* **WHAT THE TASK ASKS**:
Omit all pictures. Quote the lines from the one with "Single Mom Book Club Ticket" through the end of the listing below, exactly as they appear.

--- RECORDS PROVIDED Enclosed Below ---

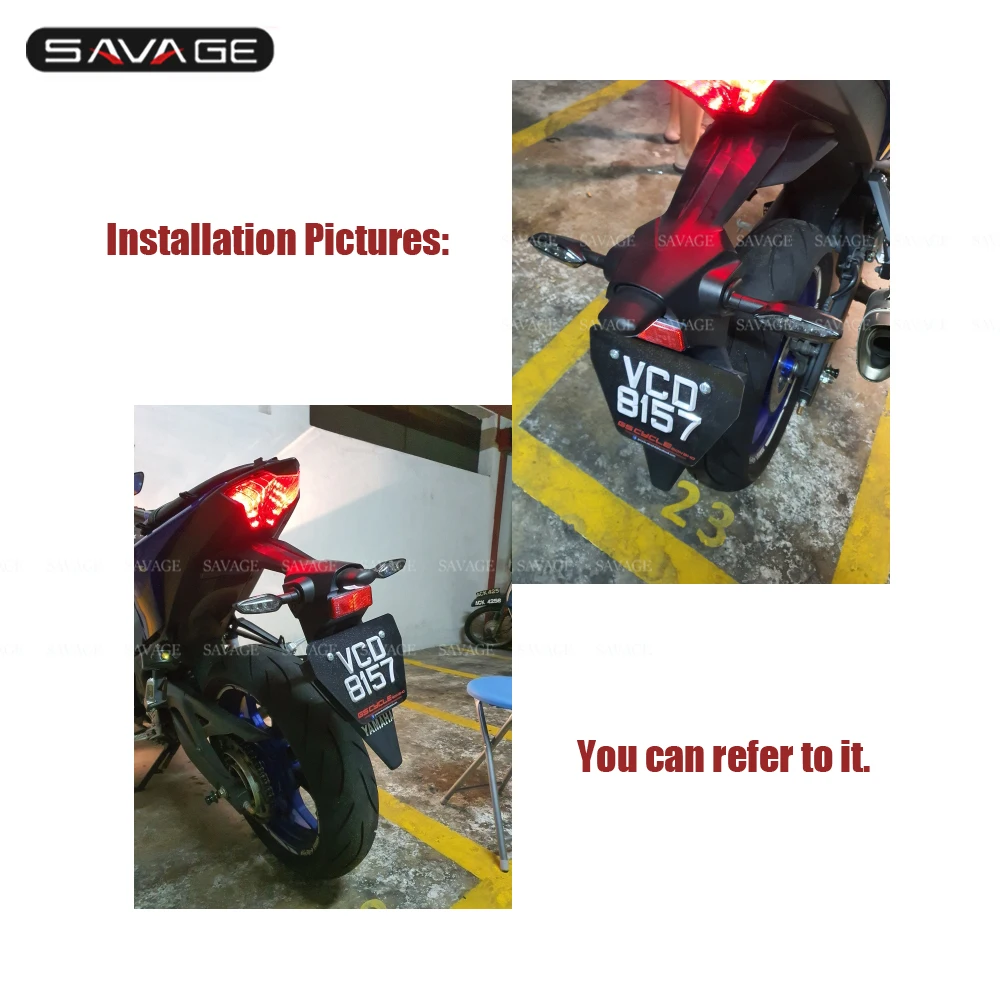 Светодиодный индикатор поворота для YAMAHA MT 01 25 03 07 09 2005 2020 17 18 19 аксессуары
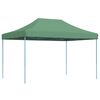 vidaXL Tenda da Festa Pieghevole Pop-Up Verde 410x279x315 cm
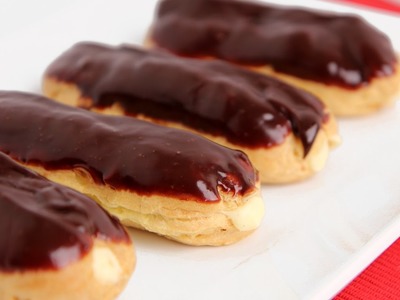 Homemade Eclairs Recipe - Laura Vitale - Laura in the Kitchen Episode 807
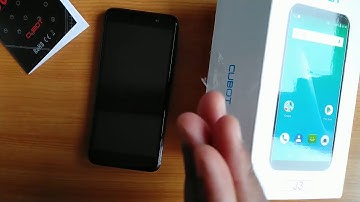Cubot J3 Quick unboxing and first hands on review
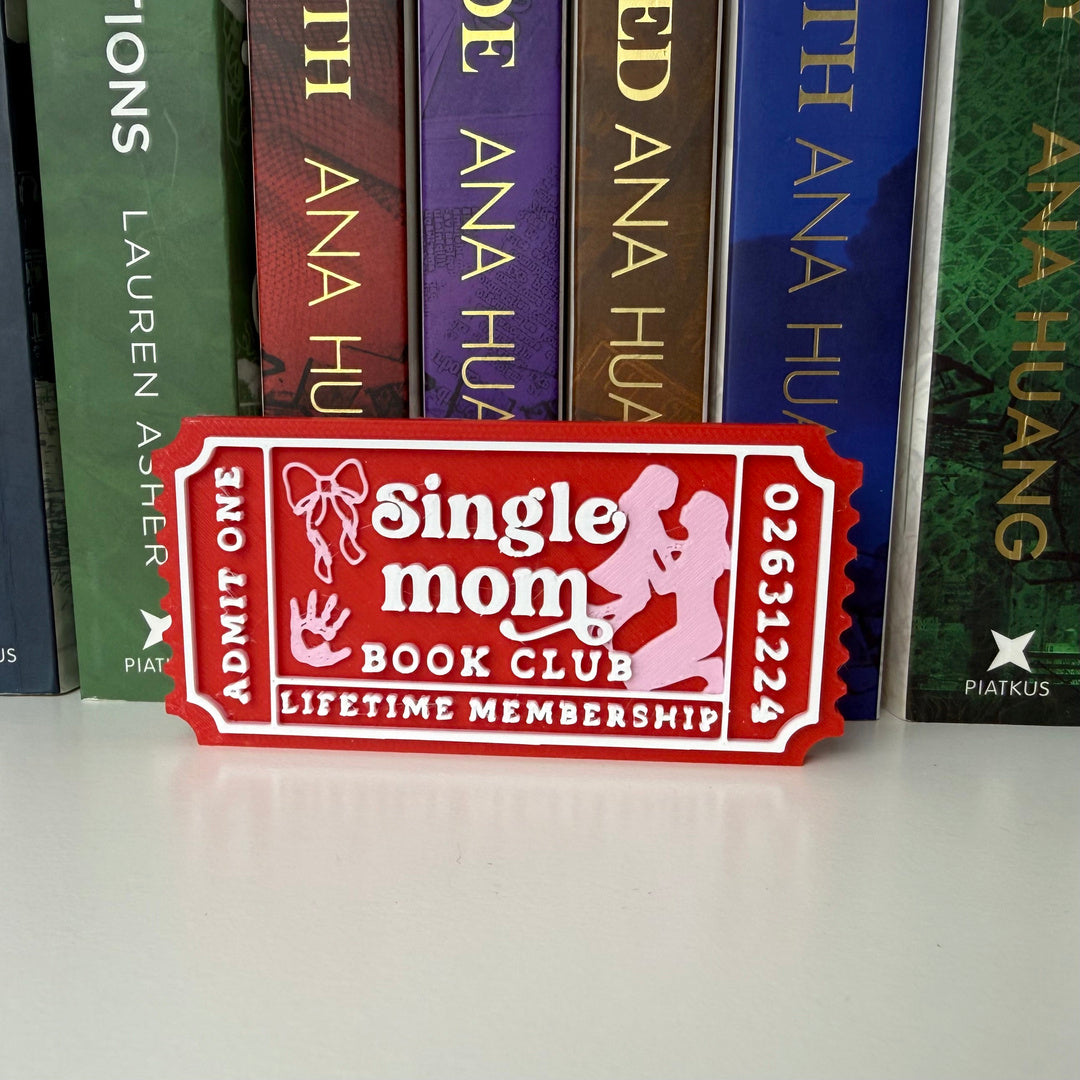 Single Mom Book Club Ticket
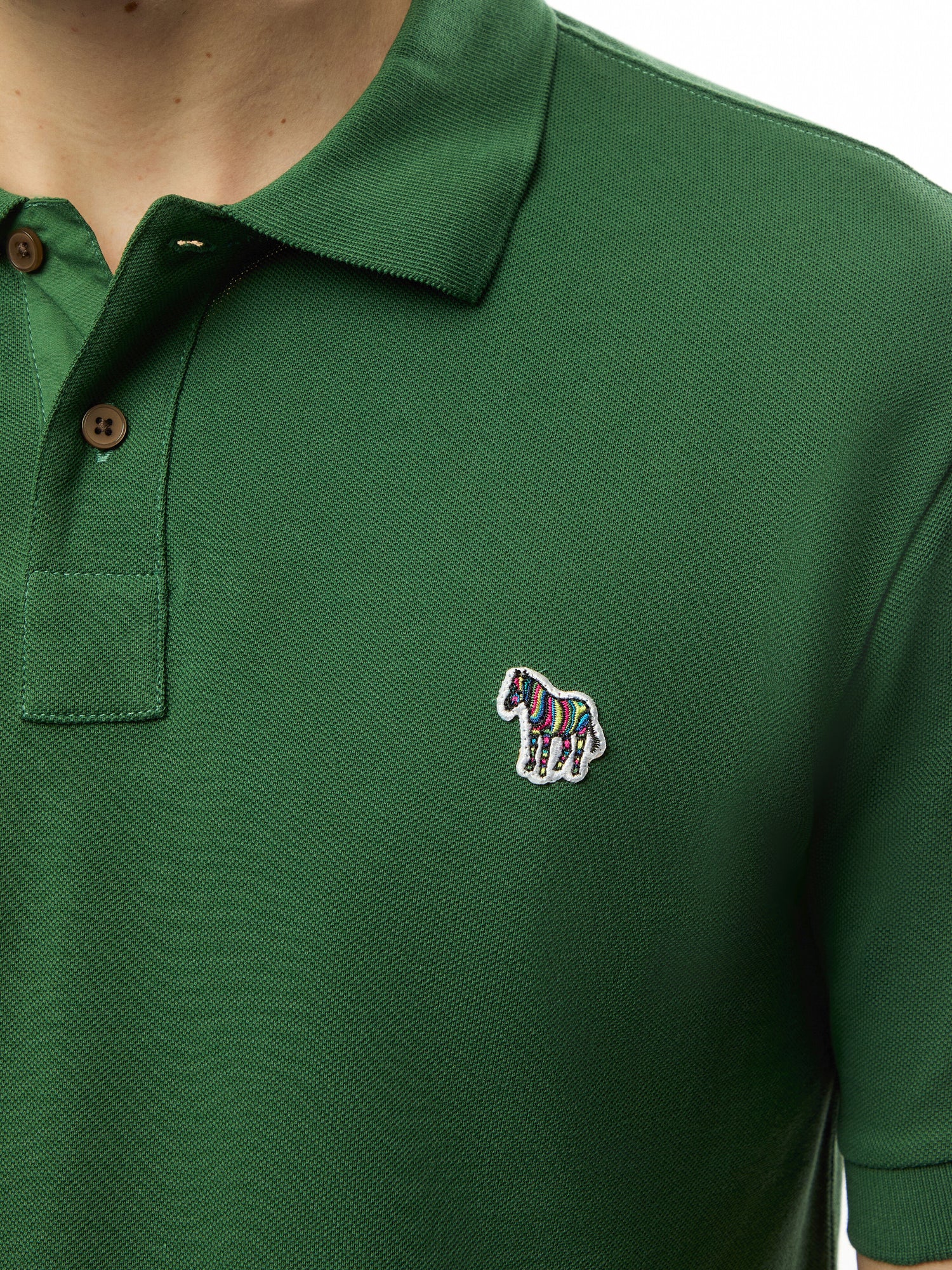Zebra Logo Short Sleeve Polo Shirt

--- End of Enclosed RECORDS PROVIDED ---

* **RESPONSE TO THIS TASK**:
 Single Mom Book Club Ticket
Zebra Logo Short Sleeve Polo Shirt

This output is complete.